**Task brief**: Exact copies of the lines from the line containing "Badges Auszeichnungen mit Moodle ZIMBlog" through the last line of the entries below are the whole answer.

**Records shown**:
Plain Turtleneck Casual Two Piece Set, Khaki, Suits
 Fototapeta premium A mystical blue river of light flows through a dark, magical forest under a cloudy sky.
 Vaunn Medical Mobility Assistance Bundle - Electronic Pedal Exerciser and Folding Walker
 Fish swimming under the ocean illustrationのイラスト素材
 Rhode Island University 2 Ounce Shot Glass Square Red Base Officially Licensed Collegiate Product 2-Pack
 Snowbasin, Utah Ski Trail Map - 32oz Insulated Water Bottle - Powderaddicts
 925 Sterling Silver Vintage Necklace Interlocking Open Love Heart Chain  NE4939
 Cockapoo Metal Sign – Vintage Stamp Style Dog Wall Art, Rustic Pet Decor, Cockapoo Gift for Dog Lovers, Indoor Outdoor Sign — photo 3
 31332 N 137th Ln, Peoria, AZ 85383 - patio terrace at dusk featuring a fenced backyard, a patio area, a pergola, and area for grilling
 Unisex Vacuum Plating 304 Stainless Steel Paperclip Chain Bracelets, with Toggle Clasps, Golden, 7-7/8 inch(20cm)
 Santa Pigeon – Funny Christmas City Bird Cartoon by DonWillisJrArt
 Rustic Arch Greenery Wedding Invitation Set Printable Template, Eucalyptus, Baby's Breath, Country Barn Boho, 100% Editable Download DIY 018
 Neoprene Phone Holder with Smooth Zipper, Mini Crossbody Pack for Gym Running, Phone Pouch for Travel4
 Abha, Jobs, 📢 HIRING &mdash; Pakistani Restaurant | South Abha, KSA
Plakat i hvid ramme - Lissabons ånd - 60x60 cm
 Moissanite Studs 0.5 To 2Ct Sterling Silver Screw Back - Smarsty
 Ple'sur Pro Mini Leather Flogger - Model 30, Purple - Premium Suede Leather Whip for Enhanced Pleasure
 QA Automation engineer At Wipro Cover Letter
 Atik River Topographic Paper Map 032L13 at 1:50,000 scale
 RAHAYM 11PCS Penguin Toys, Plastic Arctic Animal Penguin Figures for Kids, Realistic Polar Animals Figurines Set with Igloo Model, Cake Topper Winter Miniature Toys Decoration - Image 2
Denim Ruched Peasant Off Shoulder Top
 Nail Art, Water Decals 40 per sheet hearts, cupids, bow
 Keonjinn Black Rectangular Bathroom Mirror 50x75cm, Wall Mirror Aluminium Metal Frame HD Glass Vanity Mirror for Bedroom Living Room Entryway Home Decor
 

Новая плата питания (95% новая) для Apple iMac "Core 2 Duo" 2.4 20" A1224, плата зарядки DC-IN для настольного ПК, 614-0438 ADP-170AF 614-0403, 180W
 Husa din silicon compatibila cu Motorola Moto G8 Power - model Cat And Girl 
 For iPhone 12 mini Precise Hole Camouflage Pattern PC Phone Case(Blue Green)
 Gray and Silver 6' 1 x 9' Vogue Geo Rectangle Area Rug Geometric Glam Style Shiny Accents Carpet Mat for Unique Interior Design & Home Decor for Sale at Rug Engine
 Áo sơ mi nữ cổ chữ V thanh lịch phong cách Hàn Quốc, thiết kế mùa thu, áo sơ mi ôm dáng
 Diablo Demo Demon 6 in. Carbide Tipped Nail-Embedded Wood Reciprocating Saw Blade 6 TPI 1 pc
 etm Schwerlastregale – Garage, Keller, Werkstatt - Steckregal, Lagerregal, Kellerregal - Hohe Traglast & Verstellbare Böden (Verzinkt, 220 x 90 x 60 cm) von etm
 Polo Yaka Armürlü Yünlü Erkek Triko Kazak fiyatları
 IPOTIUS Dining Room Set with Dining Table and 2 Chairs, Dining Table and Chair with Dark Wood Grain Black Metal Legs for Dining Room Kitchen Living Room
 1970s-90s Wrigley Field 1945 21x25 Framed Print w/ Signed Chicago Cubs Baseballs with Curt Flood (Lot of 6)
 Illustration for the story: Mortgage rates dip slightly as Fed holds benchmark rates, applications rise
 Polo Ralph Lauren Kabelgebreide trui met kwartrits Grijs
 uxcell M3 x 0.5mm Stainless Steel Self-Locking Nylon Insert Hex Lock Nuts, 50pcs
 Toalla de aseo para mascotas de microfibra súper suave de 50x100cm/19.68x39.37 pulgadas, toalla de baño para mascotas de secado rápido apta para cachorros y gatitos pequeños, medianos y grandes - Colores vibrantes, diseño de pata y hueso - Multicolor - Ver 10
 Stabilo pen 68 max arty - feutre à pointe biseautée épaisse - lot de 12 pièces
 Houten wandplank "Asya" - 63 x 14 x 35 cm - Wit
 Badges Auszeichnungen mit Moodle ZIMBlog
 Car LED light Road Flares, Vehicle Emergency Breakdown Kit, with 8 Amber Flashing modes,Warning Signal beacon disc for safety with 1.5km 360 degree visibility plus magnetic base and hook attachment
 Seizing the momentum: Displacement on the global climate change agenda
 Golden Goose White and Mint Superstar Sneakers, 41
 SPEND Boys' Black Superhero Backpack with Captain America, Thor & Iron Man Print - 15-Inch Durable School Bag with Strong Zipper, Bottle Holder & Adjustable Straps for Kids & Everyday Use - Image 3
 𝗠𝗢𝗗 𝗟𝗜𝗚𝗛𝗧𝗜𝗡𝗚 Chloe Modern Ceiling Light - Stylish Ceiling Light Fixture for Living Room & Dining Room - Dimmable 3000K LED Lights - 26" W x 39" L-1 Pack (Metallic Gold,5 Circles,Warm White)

**Response below**:
 Badges Auszeichnungen mit Moodle ZIMBlog
 Car LED light Road Flares, Vehicle Emergency Breakdown Kit, with 8 Amber Flashing modes,Warning Signal beacon disc for safety with 1.5km 360 degree visibility plus magnetic base and hook attachment
 Seizing the momentum: Displacement on the global climate change agenda
 Golden Goose White and Mint Superstar Sneakers, 41
 SPEND Boys' Black Superhero Backpack with Captain America, Thor & Iron Man Print - 15-Inch Durable School Bag with Strong Zipper, Bottle Holder & Adjustable Straps for Kids & Everyday Use - Image 3
 𝗠𝗢𝗗 𝗟𝗜𝗚𝗛𝗧𝗜𝗡𝗚 Chloe Modern Ceiling Light - Stylish Ceiling Light Fixture for Living Room & Dining Room - Dimmable 3000K LED Lights - 26" W x 39" L-1 Pack (Metallic Gold,5 Circles,Warm White)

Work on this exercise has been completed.